* **Instructions to follow**
Please, starting at the line that contains "Apartment for sale", reproduce every line exactly until the records run out, skipping all pictures.

>>

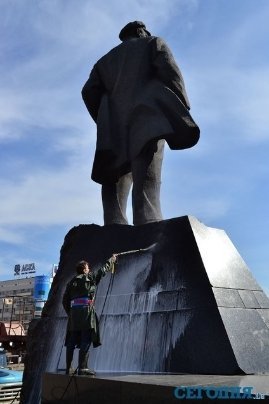 У Донецьку Леніна миють з шампунем. ФОТО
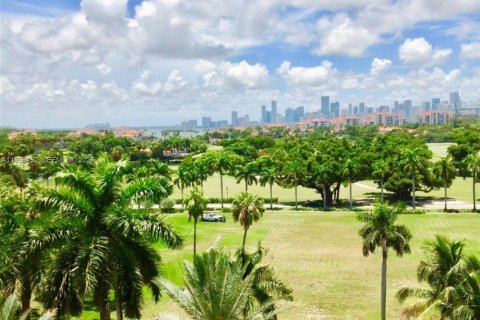 Купить кондоминиум в Майами-Бич, Флорида 3 спальни, 248.14м2, № 2017955 - фото 2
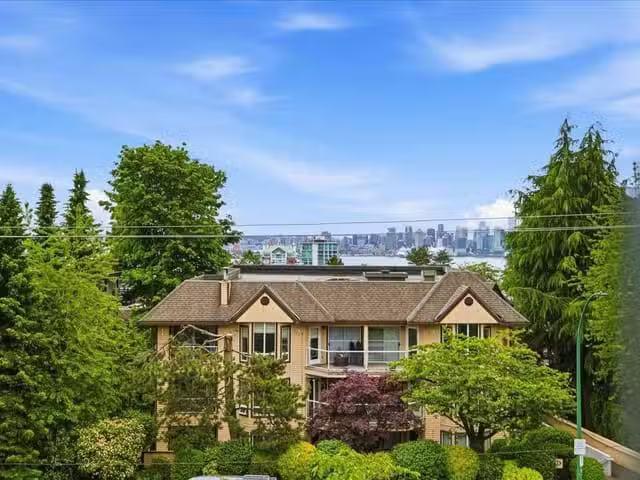 Apartment for sale in North Vancouver, North Vancouver, 102 12.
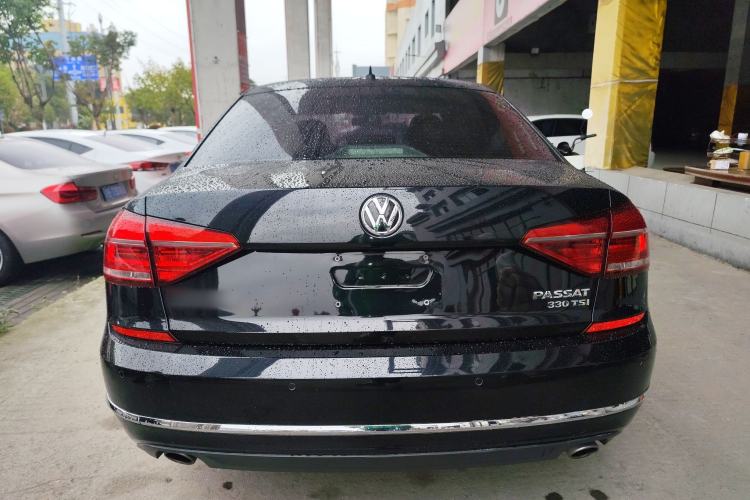 Used Volkswagen Passat 2016 330TSI DSG Luxury Edition Rear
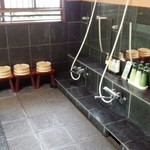 もてなしのかくれ家 すわや - 洗い場も3ヶ所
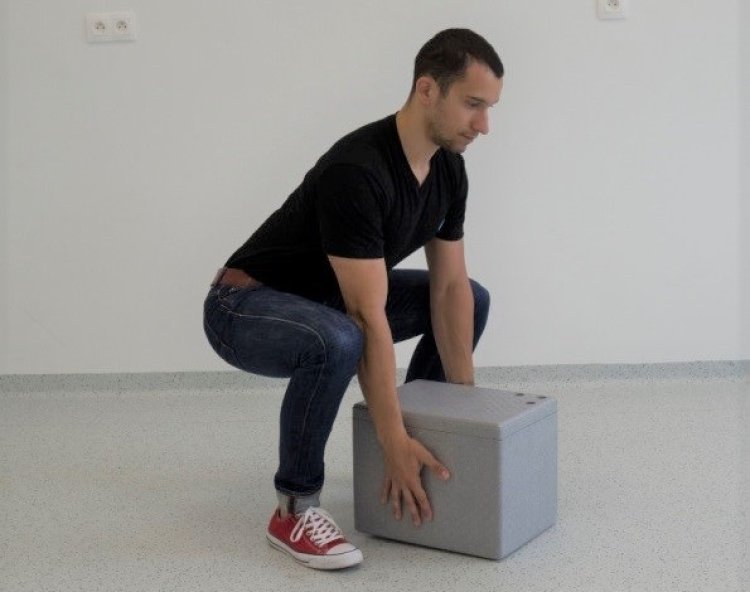 Rozdielom medzi mŕtvym ťahom a drepom je, že máte zadok bližšie k zemi. FOTO: preventivne.sk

<<

* **Response**
 Apartment for sale in North Vancouver, North Vancouver, 102 12.
 Used Volkswagen Passat 2016 330TSI DSG Luxury Edition Rear
 もてなしのかくれ家 すわや - 洗い場も3ヶ所
 Rozdielom medzi mŕtvym ťahom a drepom je, že máte zadok bližšie k zemi. FOTO: preventivne.sk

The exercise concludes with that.